The National Corn Growers Association (NCGA) said today that it is deeply disappointed in a decision released by the International Trade Commission, which upholds an earlier opinion that found material injury to U.S. fertilizer companies during a time of rising on-farm fertilizer prices that went on to reach record highs.
The decision comes after the U.S. Court of International Trade asked the U.S. Department of Commerce and ITC to reconsider earlier decisions they issued on the matter.
“The idea that major fertilizer conglomerates were materially injured even as they were posting substantially higher profits during the time in question sounds dubious to me,” said Minnesota farmer and NCGA President Harold Wolle. “ITC’s decision flies in the face of the U.S. Court of International Trade’s request to seriously reconsider this issue and ignores the negative impact these tariffs continue to have on America’s farmers who are facing higher prices for fertilizers that are critical to the success of their crops. We will continue to make a vigorous case for eliminating or lowering these tariffs.”

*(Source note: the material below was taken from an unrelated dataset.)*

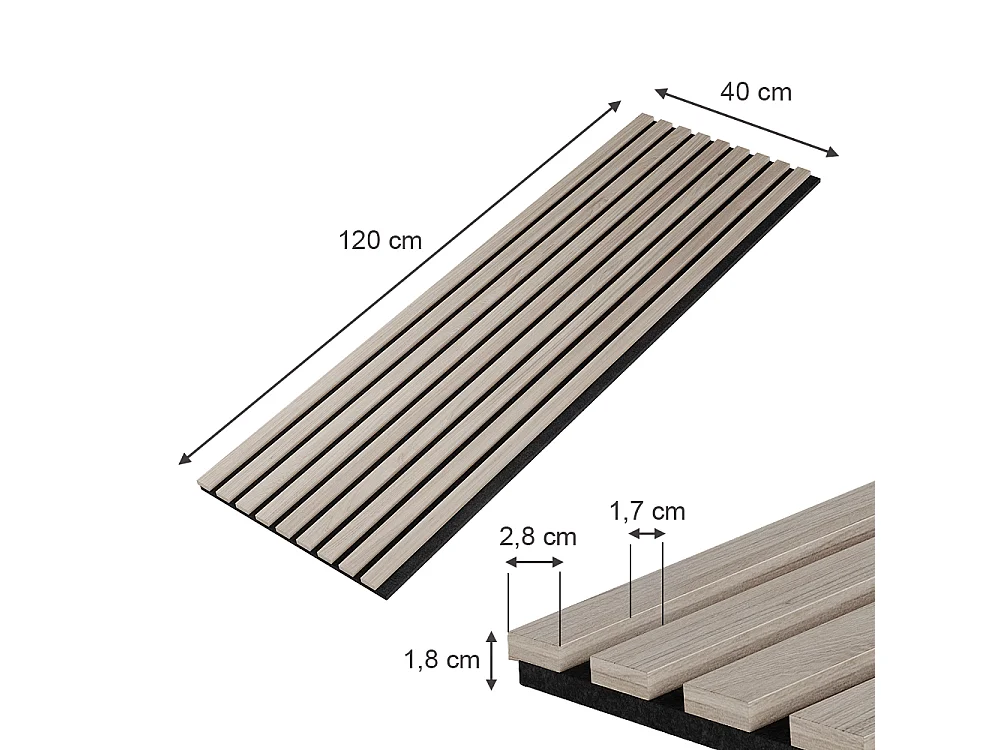 Pannello acustico marrone 120x1.8x40 akustikpaneel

The ITC opinion upholds an earlier decision by the agency that the trade practices of a Moroccan-based company caused harm to U.S. fertilizer companies. The decision comes almost a week after the U.S. Department of Commerce announced it was lowering duties on these products from 19.97% to 7.41%, and introduces uncertainty on the fate of tariffs as it could be used as an argument to keep tariffs on phosphate fertilizers high.
The U.S. Court of International Trade will now review the remand decisions and issue a final ruling. The Department of Commerce is also set to make another decision regarding its administrative review later this year.
Commerce and the ITC originally acted on a petition by The Mosaic Company, a U.S.-based fertilizer producer, which had requested the tariffs over what it called unfair trading practices. Over the past three years, NCGA has advocated for growers who were facing record-high phosphate prices by filing an amicus brief in the case, sending letters to the White House and federal agencies, and informing Members of Congress about the impact of the high prices on corn farmers.